Friday, April 25, 2014

Vienna Nocturne: Mozart's World as Viewed by Anna Storace, the First Susanna

If you're looking for some interesting creative nonfiction to read in the next while, I highly recommend Vivien Shotwell's Vienna Nocturne, a novel written from the point of view of Anna Storace, the English singer who created the role of Susanna in Mozart's Marriage of Figaro.

I've always wondered how a young English soprano ended up in Vienna singing in an otherwise (mostly) all-Italian cast. Much of the second half of the novel covers Storace's and Mozart's lives in Vienna, and although the extent of their relationship is somewhat speculative, Shotwell brings to life many figures of the time, including Venanzio Rauzzini (Storace's teacher in London), Francesco Benucci (the first Figaro), Antonio Salieri, Lorenzo da Ponte, Stephen Storace (whose piano works might be familiar to some pianists), Aloysia Weber, Costanze Weber, and of course Mozart.

The way that Shotwell brings to life the musical world of late 18th-century Vienna provides some of my favorite writing of the novel. On Anna's first experience of Mozart playing the pianoforte:
Anna had seen many virtuosi play. Wolfgang Mozart surpassed them all. He exhaled, and so many breathing notes unfurled from his unhesitating hands. He played as she had always wished to sing--how she imagined she might sing if she were not so excitable and striving, but selfless and assured, bound to music alone. His expression hardly altered. He looked as if he were listening to a soothing prophecy about the flicity of his children. His eyes, relaxed and open, took in the room and yet looked atnothing. The smile on his lips was scarcely there--a smile for himself, alone, because he felt no need to parade his emotions for their benefit. He would not distract them from his music, nor undermine the balance of its perfection with aping or sighs. He looked as noble and quiet as a physician tending to miraculously reviving child, and no one seemed to take more pleasure in his art, for all his equanimity of expression, than he himself.
On the rehearsal process of The Marriage of Figaro:
The company had divided into factions over the new Mozart opera. On one side, resenting it, were Stefano Mandini, his wife, Maria, and Luisa Laschi. The Bussanis swayed with the winds but were usually found over by the Mandini-Laschi borer, leaving only Anna and Michael Kelly solidly championing the opera. Benucci refused to ally himself one way or the other.
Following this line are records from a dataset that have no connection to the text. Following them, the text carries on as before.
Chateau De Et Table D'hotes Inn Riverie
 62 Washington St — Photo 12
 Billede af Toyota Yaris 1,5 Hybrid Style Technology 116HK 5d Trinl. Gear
The root of the problem came down to matters of laziness and pride, and a reluctance to do anything unfamiliar. Mozart, try as he might to compose in an Italian style, was Austrian, and this bothered some of them. His opera was exceptional in its length and difficulty. They were used to singing dry recitative, as easy and natural to them as speech, easy duets and trios, and simple arias. But Mozart put everythin together so that one musical number ran into the next without rest. He did not only require them to sing duets or quartets: he required sextets. Performing one of these elaborate ensembles was like baking a new dish for a king, on pain of death, when none of the proper ingredients were at hand and everyone had only fragments of the recipe. Everything must be memorized and perfectly timed.
I particularly enjoyed how Vivien Shotwell's experience as a singer (she's the real thing and from Nova Scotia, no less) informed the narrative of the novel. Vienna Nocturne deeply immerses us in the experience of what it might have been like for an English singer to become successful in Italy in the 1780's, move to Vienna as a member of Joseph II's resident operatic ensemble, and create one of the leading roles in what would become the most famous opera of the 18th century.